=== Brief ===
Your reply should be the entries, output word for word, with each picture omitted.
^^^^^^^^^^^^^^^^
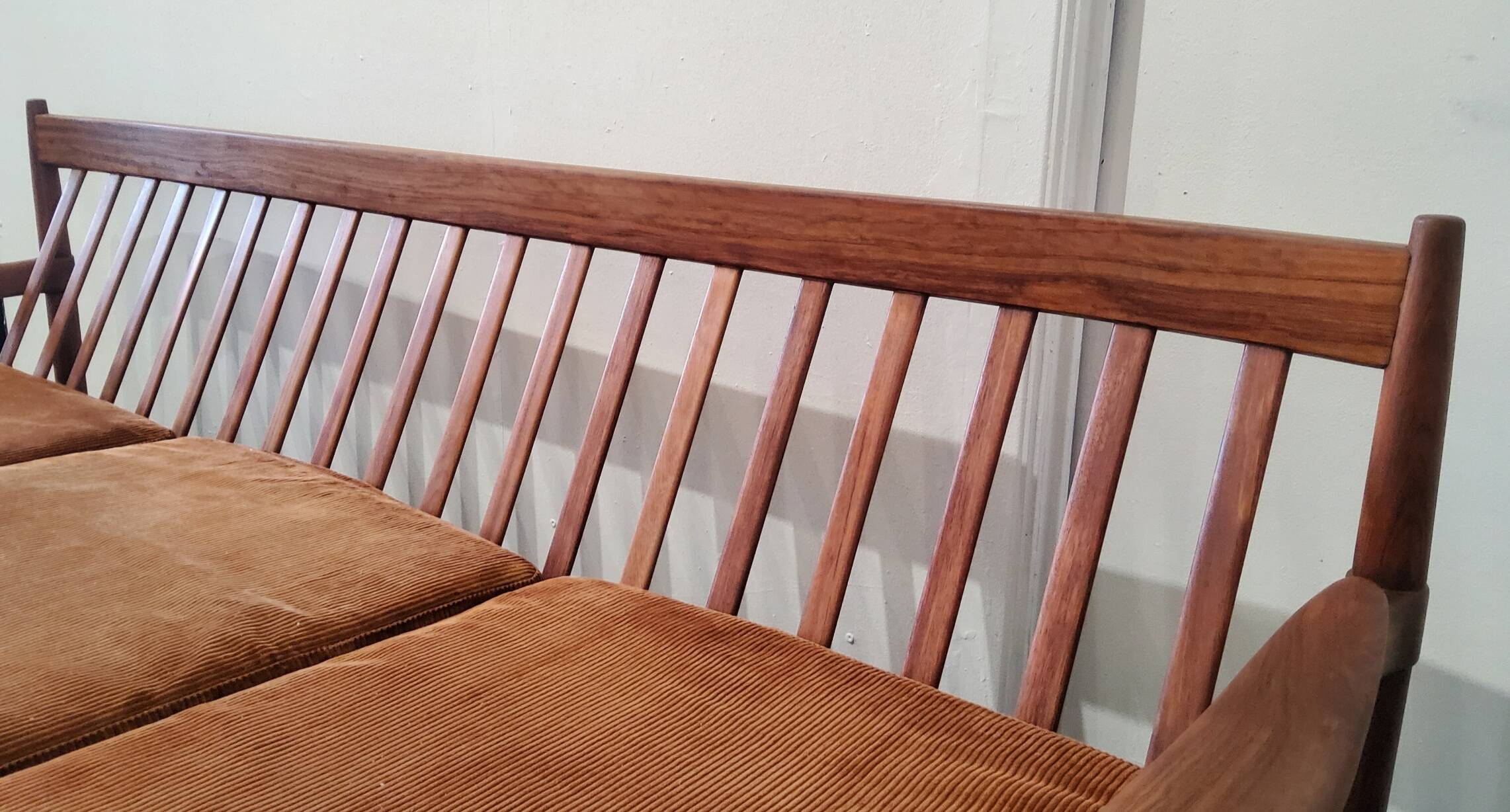 Scandinavian vintage 3-seater sofa in solid wood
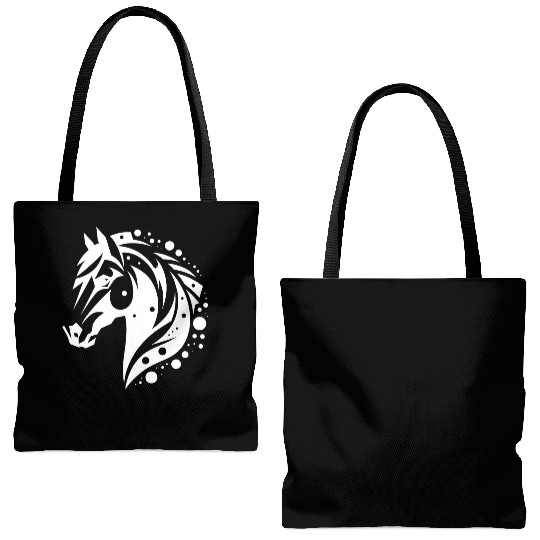 Horse Head Vintage Tribal Portrait Pony Tattoo Tote Bags (AOP)
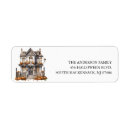 Search for haunted house return address labels Halloween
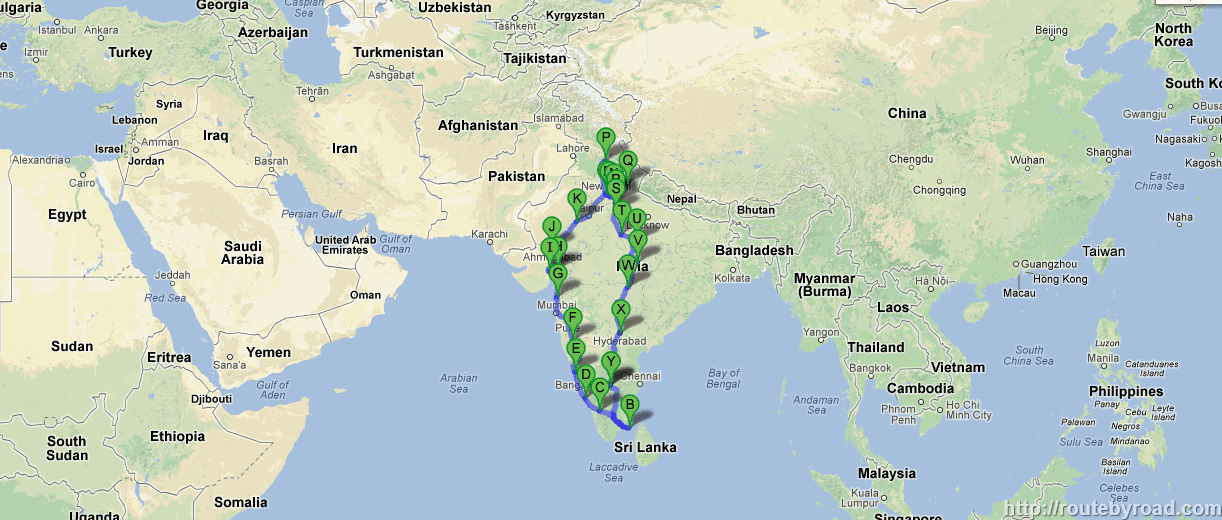 India Road Trip - Featured - Google Map - India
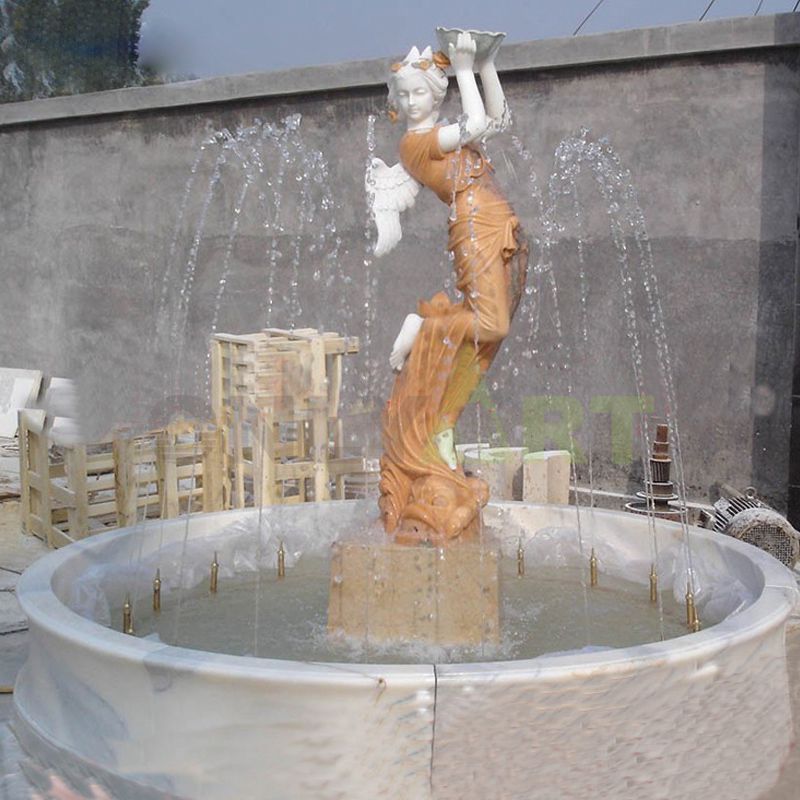 Large Outdoor Angel Statue Marble Stone Garden Water Fountain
^^^^^^^^^^^^^^^^
=== Task response ===
 Scandinavian vintage 3-seater sofa in solid wood
 Horse Head Vintage Tribal Portrait Pony Tattoo Tote Bags (AOP)
 Search for haunted house return address labels Halloween
 India Road Trip - Featured - Google Map - India
 Large Outdoor Angel Statue Marble Stone Garden Water Fountain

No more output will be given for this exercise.